Komentatorzy o referendum

Państwowa Komisja Wyborcza podała oficjalne wyniki niedzielnego referendum. Frekwencja wyniosła zaledwie 7,8 proc. Tym samym głosowanie nie jest wiążące. Wyniki, przebieg i zasadność przeprowadzania referendum komentowali: dr Jarosław Zbieranek i dr hab. Tomasz Słomka.

2015-09-07, 18:20

Komentatorzy o referendum
Niska frekwencja w referendum to czerwona kartka dla wykorzystywania tej instytucji do celów politycznych. Foto: EASTNEWS/Andrzej Hulimka/REPORTER

Posłuchaj

07.09.15 Dr Jarosław Zbieranek: „Dobór pytań budził wątpliwości komentatorów i obywateli (…)”.
+
Dodaj do playlisty

 W plebiscycie Polacy odpowiadali na trzy pytania dotyczące jednomandatowych okręgów wyborczych, finansowania partii politycznych z budżetu i rozstrzygania sporów podatkowych na korzyść podatnika. Zdaniem dra Jarosława Zbieranka to czarny dzień dla referendów w Polsce.

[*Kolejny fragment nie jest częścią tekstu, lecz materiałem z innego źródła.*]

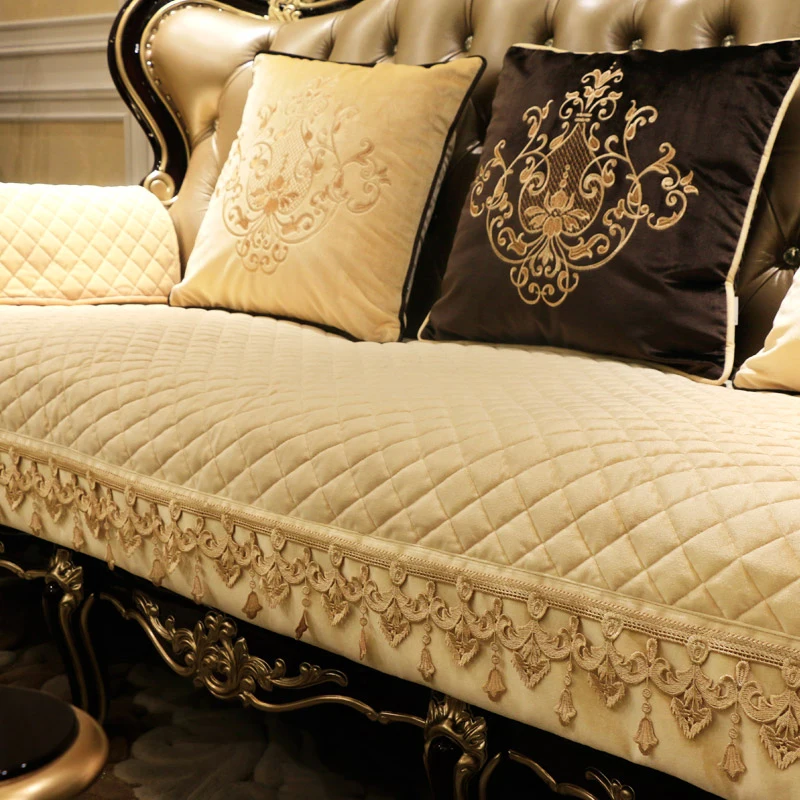 European Quilted Sofa Cover Luxury Fall Winter Non-slip Universal Living Room Couch Cushion Thicken Sofa Towel Decor Slipcover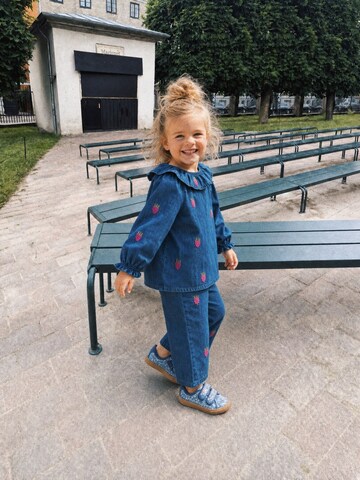 LouieLouie Bluse 'Elinor Ruffle ∼ Small raspberries embroidery' i blå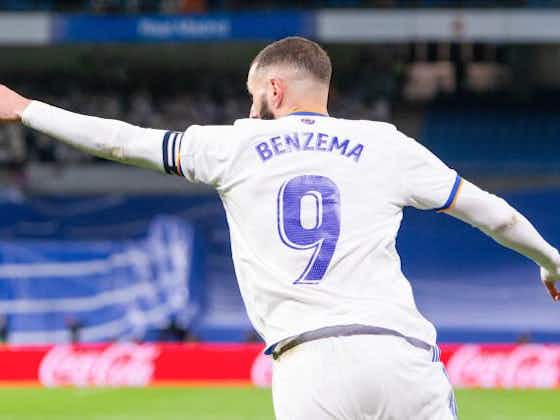 Image de l'article :Real Madrid - Athletic Bilbao : Bernabeu chauffe Benzema sur le Ballon d'Or, KB9 apprécie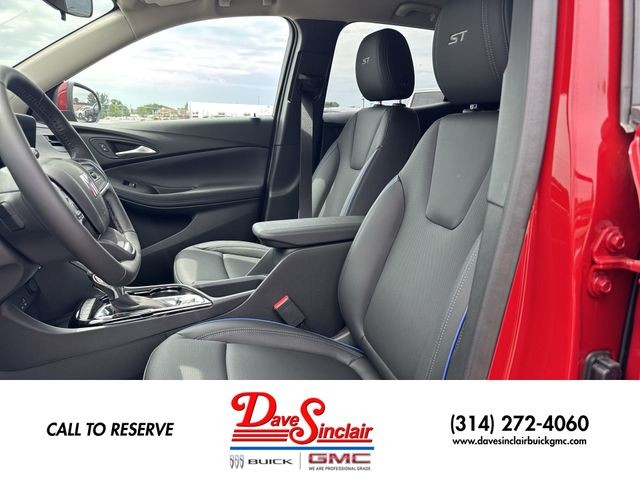 Buick Encore GX Vehicle Full-screen Gallery Image 11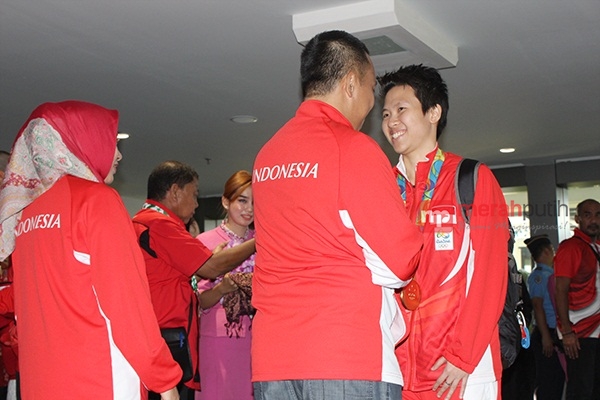 Dalam Balutan Doa Bunda, Liliyana Sabet Emas Olimpiade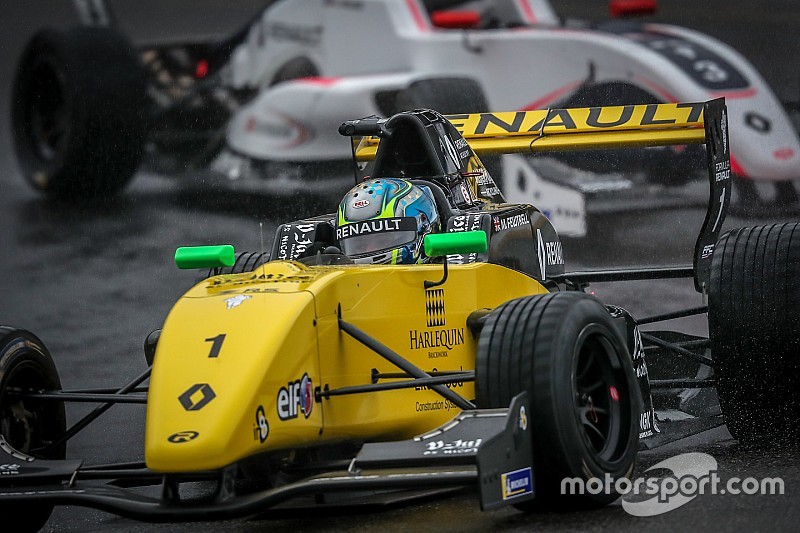 Fulmine Fewtrell in Qualifica, è sua la pole per Gara 1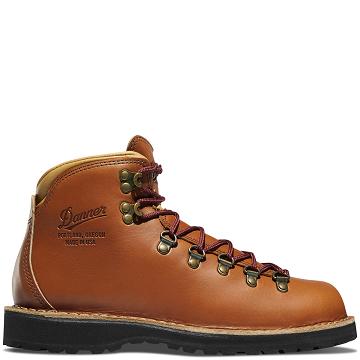 Chocolate Women's Danner Mountain Pass Cedar Boots | NZ4510WY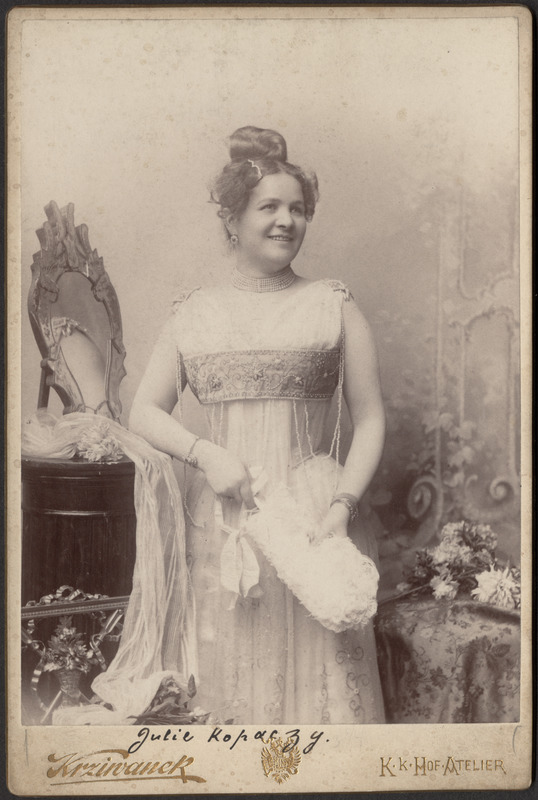 Julie Kopaczy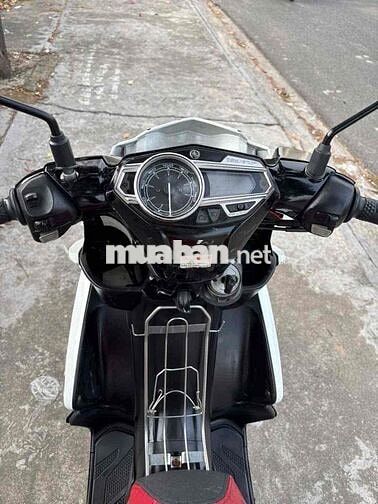 Yamaha Nozza Trắng Đỏ Đen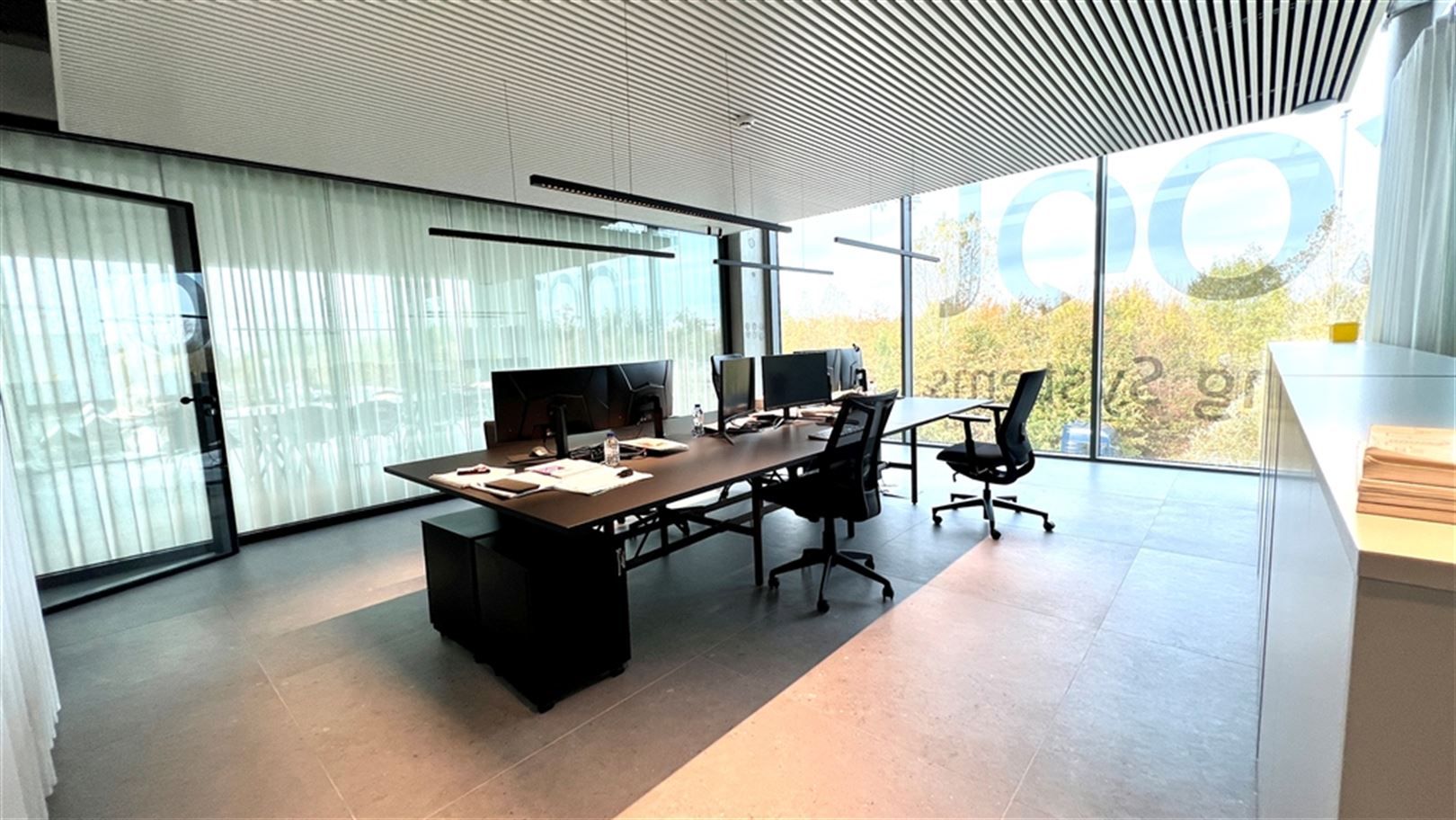 Moderne kantoren op zichtlocatie langs de E40 foto 5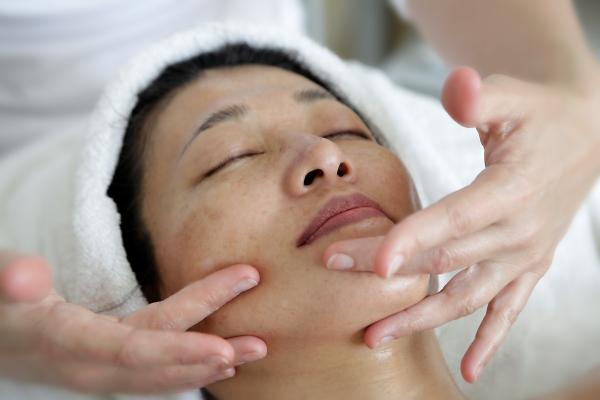 Elemis Taster Facial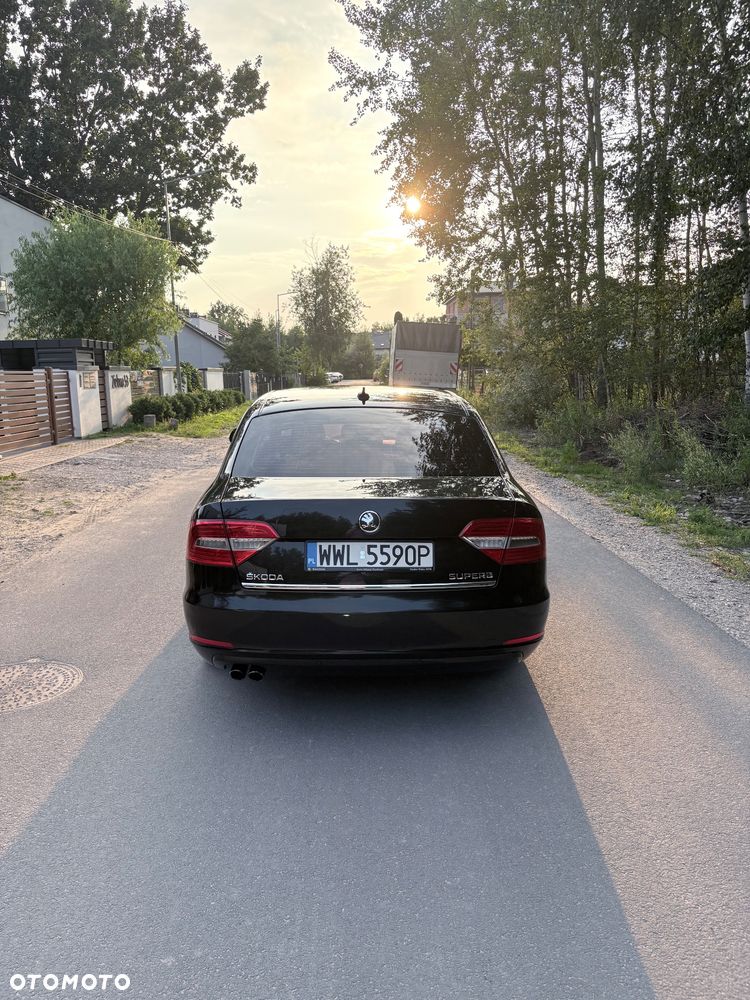 Skoda Superb 2.0 TDI 4x4 Ambition DSG - 5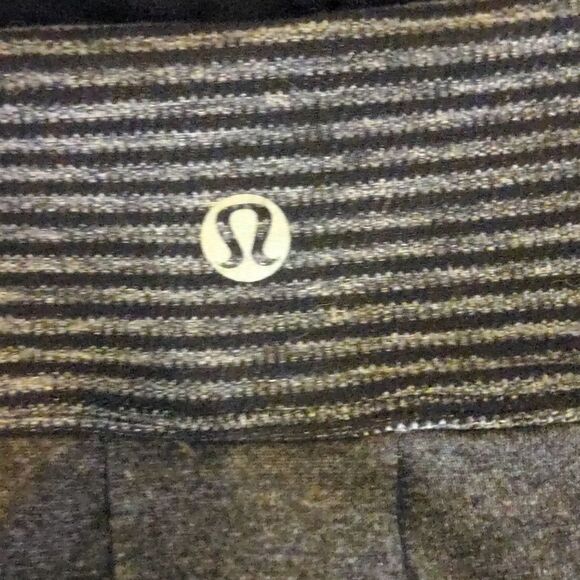 Lululemon gray and black criss cross top size 4 - Picture 4 of 5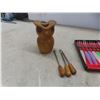 Image 13 : Covered Cheese Pottery Dish, Pickle Forks, 6 Spice Jars, Pyrex Mixing Bowl, 2 Evesham Fine Oven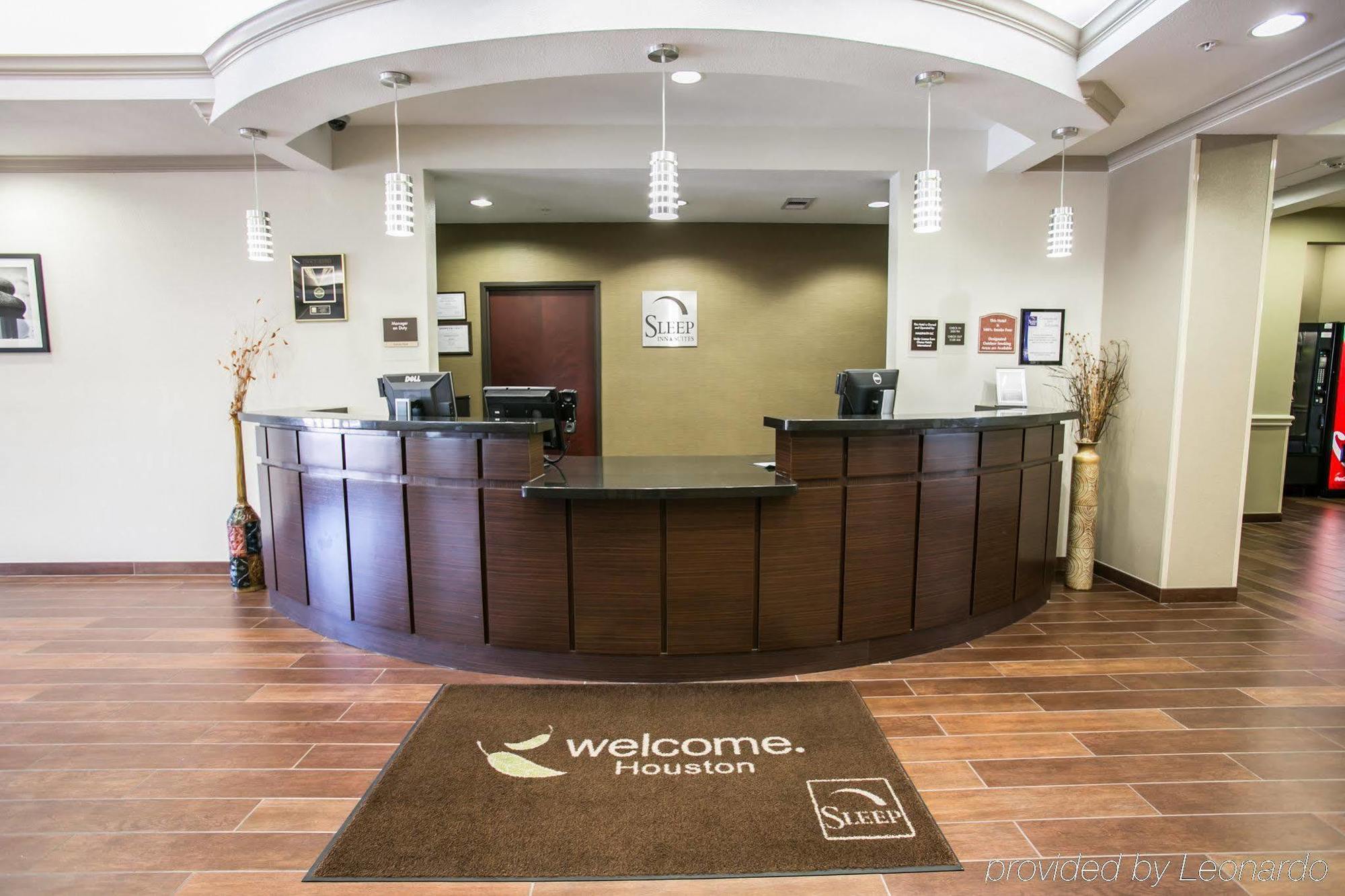 Hotel Restwell & I-45 North Houston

– Ten plebiscyt pokazał, że decyzję o głosowaniu obywatelskim trzeba podejmować ze znacznym wyprzedzeniem. Tak było w przypadku referendum o przystąpieniu do Unii Europejskiej, gdzie na wiele miesięcy przed jego przeprowadzeniem tworzono analizy i prowadzono kampanię informacyjną – wyjaśniał ekspert.

dr hab. Tomasz Słomka dr hab. Tomasz Słomka

Gościem Polskiego Radia 24 był również dr hab. Tomasz Słomka z Instytutu Nauk Politycznych Uniwersytetu Warszawskiego. Jego zdaniem klęska referendum to czerwona kartka dla wykorzystywania tej instytucji do celów politycznych.

REKLAMA

– To sprzeciw społeczny wobec manipulowania referendum w celach politycznych. Największym przegranym jest prezydent Komorowski i polska demokracja – mówił gość Polskiego Radia 24.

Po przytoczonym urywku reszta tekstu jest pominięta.